UN SYSTÈME D'EXPLOITATION DU MÉTHANE

En avril dernier, le Rwanda et la RDC se sont ainsi mis d'accord pour relancer un projet d'exploitation du méthane piégé dans le lac Kivu à des fins de production d'électricité. L'entreprise aurait aussi le mérite d'éloigner le système de la saturation, réduisant le risque pour les populations. Ce projet habite Michel Halbwachs depuis de nombreuses années. Le chercheur ayant déjà à son actif la "mise au pas" des lacs tueurs camerounais. "L'extraction de ce méthane reviendrait à désamorcer le détonateur et à sécuriser le lac", assure-t-il. Ce qui l'a amené à mettre au point une technique d'exploitation du gisement de gaz naturel à partir de plates-formes off-shore.

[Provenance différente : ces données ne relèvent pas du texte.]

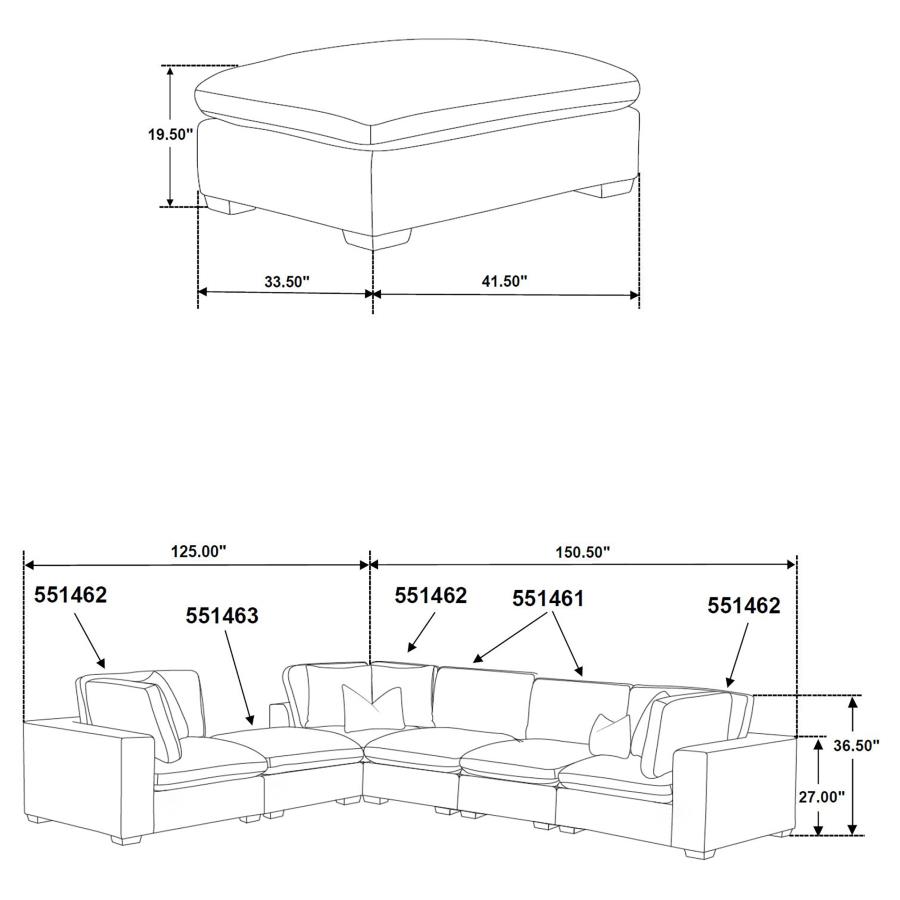 (image for) Lakeview Rectangular Upholstered Ottoman Ivory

Concrètement, son système se compose d'une colonne d'extraction pompant l'eau à 350 mètres de profondeur - où la teneur en méthane est très élevée - pour la remonter à 30 mètres de profondeur. Du coup, celle différence de pression entraîne le dégazage de l'eau. Laquelle passe alors dans une colonne de lavage qui permet de concentrer le méthane pour obtenir un mélange final constitué de 80% de gaz naturel, convoyé ensuite vers le rivage. Sur les 65 milliards de mètres cubes de méthane comptabilisés, 40 sont jugés exploitables. De quoi satisfaire la consommation du Rwanda pendant des dizaines d'années et réduire la pression sur les ressources en bois de la région, soumise à une intense déforestation. Quant à la durée d'exploitation du gisement, tout dépend de la vitesse à laquelle le stock de méthane se reconstitue au fond dui lac. Une donnée clé que, pour le moment, personne n'est capable d'avancer avec certitude. "Actuellement, les estimations tablent sur une recharge naturelle de 125 à 250 millions de mètres cubes de méthane par an, mais c'est un peu un chiffre en l'air", reconnaît Michel Halbwachs. Or, 250 millions de mètres cubes, c'est juste ce qu'il faut de gaz pour produire annuellement les 100 MW d'électricité espérés par les autorités rwandaises et congolaises. "Si ce chiffre est correct, cela signifie qu'on n'épuiserait jamais le gisement, tout en palliant le risque", constate Michel Halbwachs. D'autant que l'extraction du gaz pourrait avoir un effet secondaire intéressant. L'eau prélevée au fond du lac, chargée en C02, mais aussi en azote et en phosphore, sera rejetée vers 100 m de profondeur, sous la stratification permanente du lac. Les nutriments remonteront alors lentement par diffusion et fertiliseront les eaux de surface, favorisant la croissance du phytoplancton. De sorte que les quantités de matières organiques tombant au fond du lac augmenteront et, en retour, alimenteront la production de méthane. Le lac Kivu pourrait ainsi devenir le premier gisement de gaz naturel auto-entretenu. Avec les accords passés entre les deux riverains du lac, l'exploitation et la sécurisation du lac Kivu sont enfin entrées dans une phase active. "Ce protocole d'accord était inimaginable il y a simplement dix ans, note Michel Halbwachs. Et au jourd'hui, il y a déjà trois sociétés qui ont déposé des projets d'extraction. "Les populations locales ne peuvent que s'en réjouir...

UNE ÉRUPTION VOLCANIQUE SUBLACUSTRE EST POSSIBLE
Le 17 janvier 2002, le volcan Nyiragongo, à une vingtaine de kilomètres du lac Kivu entre en éruption des coulées de laves dévastent les rues de Goma et atteignent le lac, faisant craindre un instant une déstabilisation des eaux et la libération du gaz mortel dans l'atmosphère. Une auscultation de la stratification du lac montre qu'heureusement le système n'a pas été perturbé de manière significative. Cependant, le danger n'est pas écarté. En fait, bien plus qu'une nouvelle éruption du Nyiragongo, les scientifiques craignent la survenue d'une éruption directement dans les profondeurs du lac. Car une campagne d'imagerie du fond a révélé la présence de structures géométriques assimilées à d'anciens volcans et localisés à 300-400 mètres de profondeur. Soit précisément dans la zone où le méthane est concentré. "Une éruption sublacustre est susceptible d'intervenir à tout moment, s'inquiète Michel Halbwachs. L'énergie thermique et mécanique liberée à cette occasion provoquerait immanquablement le mécanisme de remontée des eaux profondes chargées en gaz dissous. Mais, une analyse sérieuse de ce risque n'a jamais été effectuée." Et comme partout ailleurs sur la planète, la prévision des éruptions volcaniques est encore balbutiante.